SQL学習のためのエクステンションガイド
SQLはStructured Query Languageといい、RDBMS(リレーショナルデータベース管理システム)を操作するデータベース言語のことである。ちなみに、通称データベースといっているのは、正確にはRDBMのことを指している。リレーショナルというのは、基本的にひとつのデータベースの中に、ひとつのテーブルというのは存在せず、複数のテーブルで成り立っている。それらのテーブル同士を関係づけていることをいっている。たとえば、この商品のIDは、商品明細のIDを紐付けるというように成り立っているわけである。これをリレーションシップといい、データベースの設計で定義される。

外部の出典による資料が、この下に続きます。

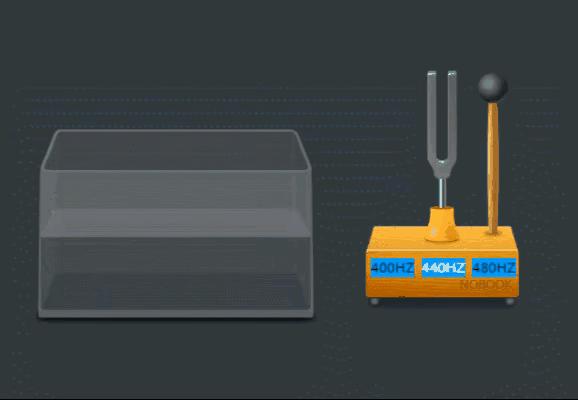 中考必看的物理图,初三物理必背50幅图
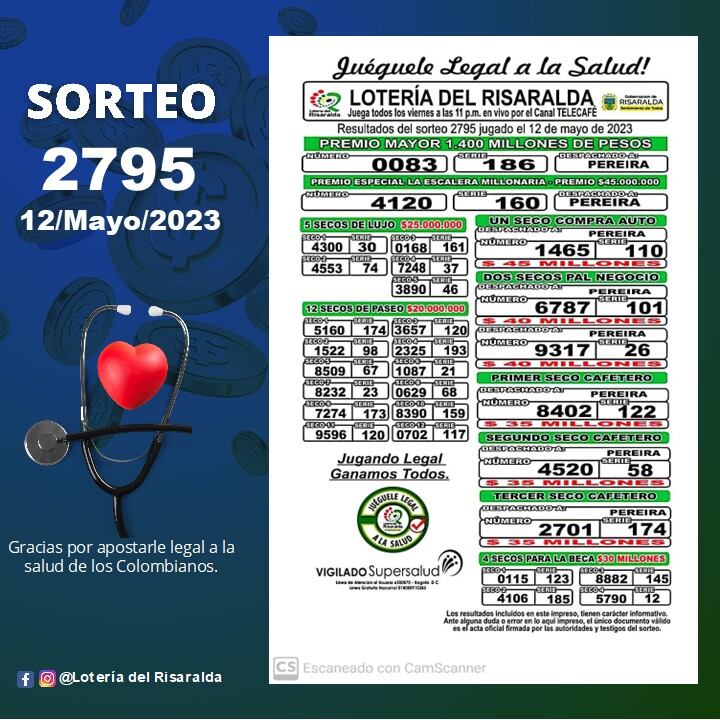 Resultados de la Lotería de Risaralda. Sorteo del 12 de mayo.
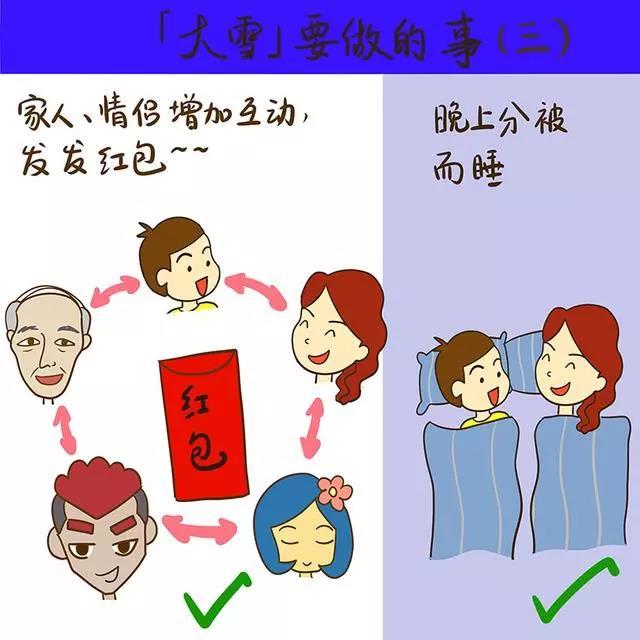 12月7日「大雪節氣」來臨，做對這5件事讓你一年好運滿滿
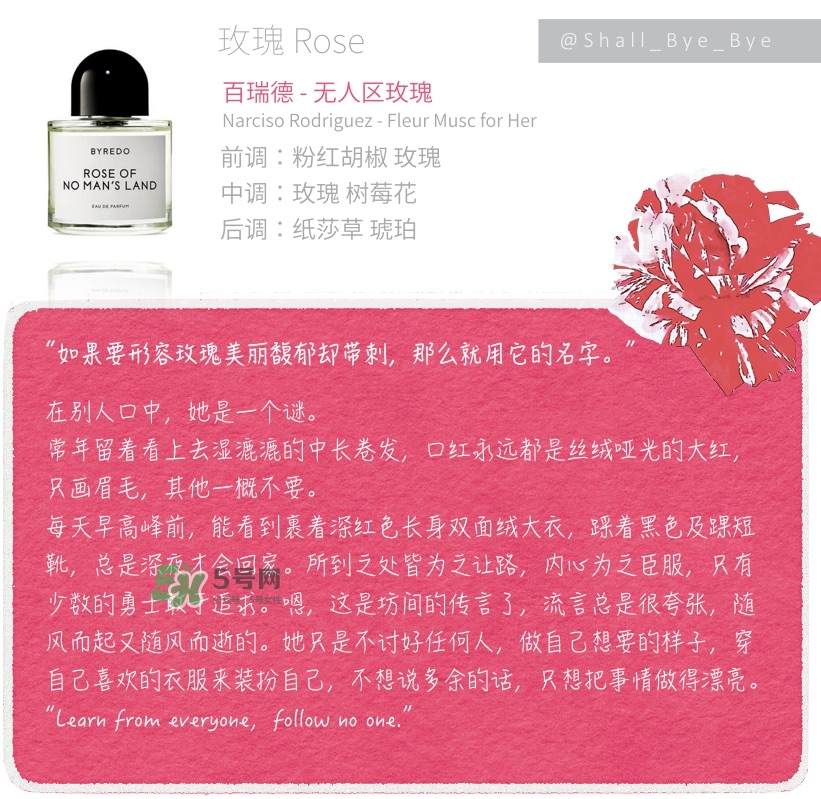 花果香的香水推薦 花果香調(diào)香水推薦 花果香的香水推薦 花果香調(diào)香水推薦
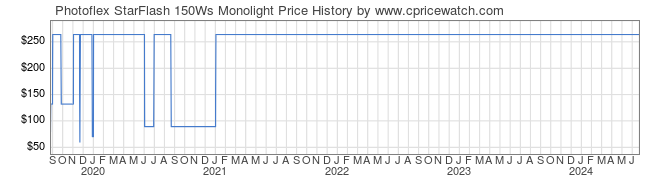 Price History Graph for Photoflex StarFlash 150Ws Monolight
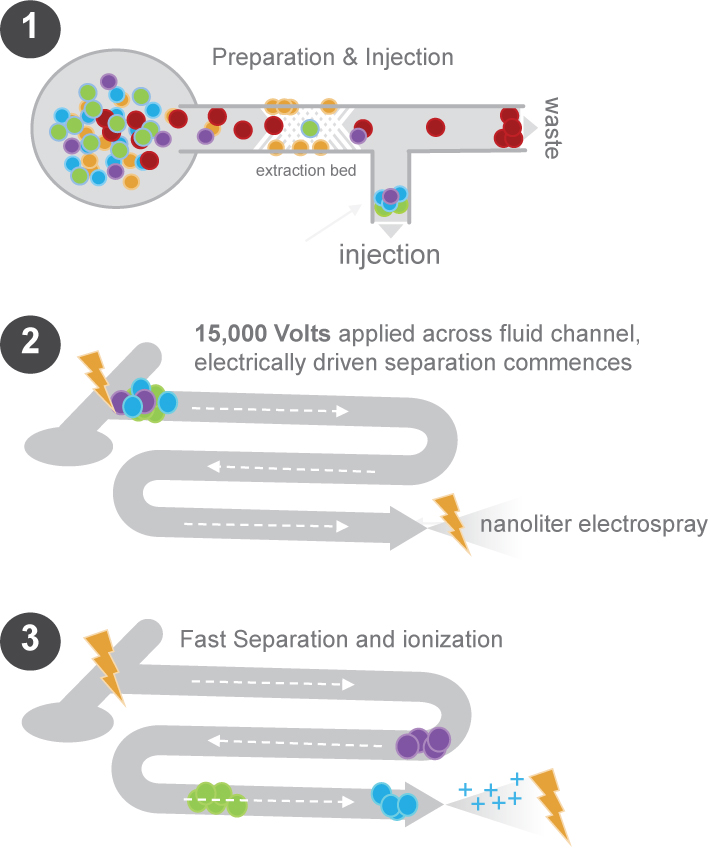 [MISSING IMAGE: tm2112538d1-ph_prep4clr.jpg]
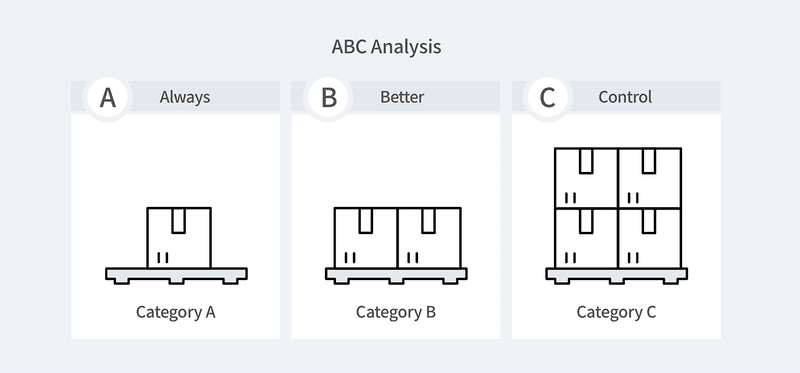 ABC Analysis, A- Always, B- Better, C- Control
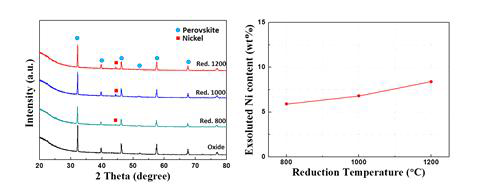 환원 온도에 따른 XRD 그래프(좌) 및 Ni 석출양%(우)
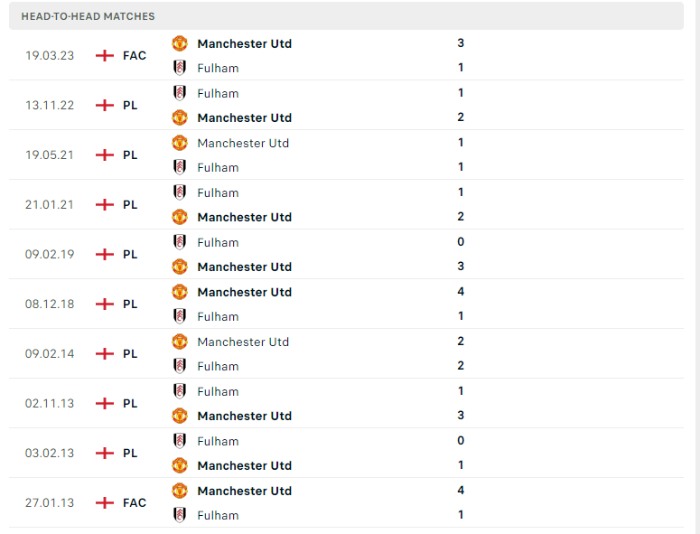 Lịch sử đối đầu của Manchester United vs Fulham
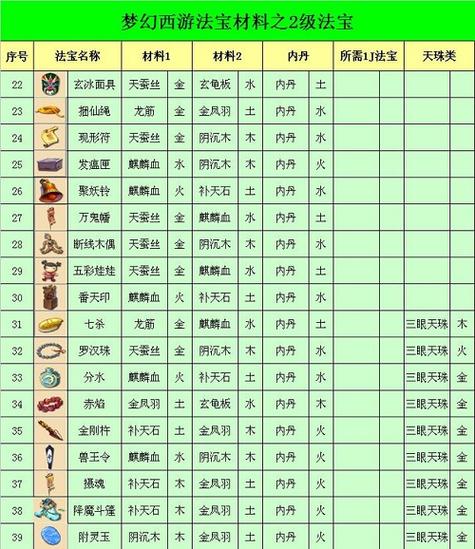 贪狼法宝的融合顺序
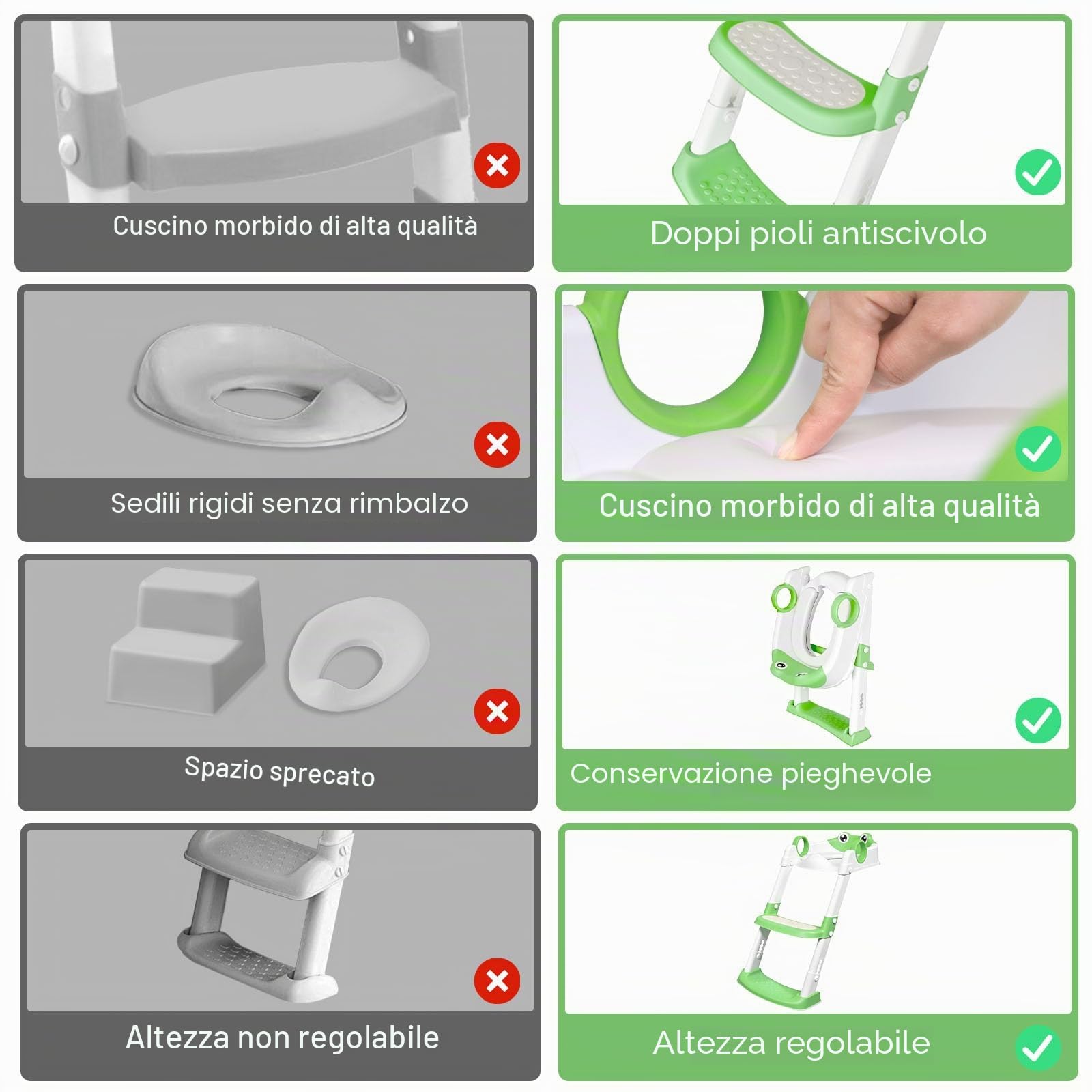 Riduttore WC Bambini,Sedile Wc per Bambini,Scaletta Wc per Bambini Pieghevole,Pieghevole Regolabile in Altezza, con PVC Morbida Seduta Imbottita, pedana antiscivolo anti-spruzzo,per V,U,O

Visual Studio CodeでSQLを学習するには、拡張機能をインストールする。ただし、あくまでも操作だけなので、データベースやテーブルを作ったとしても、テーブル同士のリレーションシップは定義できない。学習だけではなくデータベース設計からSQLまで本格的に取り組むならクライアントを使用するのが一番よい。クライアントで代表的なのが、MySQL Workbench(英語版)とDBeaver(日本語対応)である。前者はMySQLのみだが、後者はMariaDB、MySQL、PostgreSQL、SQL Serverなど、対応しているデータベスが多い。そのほかにはphpMyAdminがある。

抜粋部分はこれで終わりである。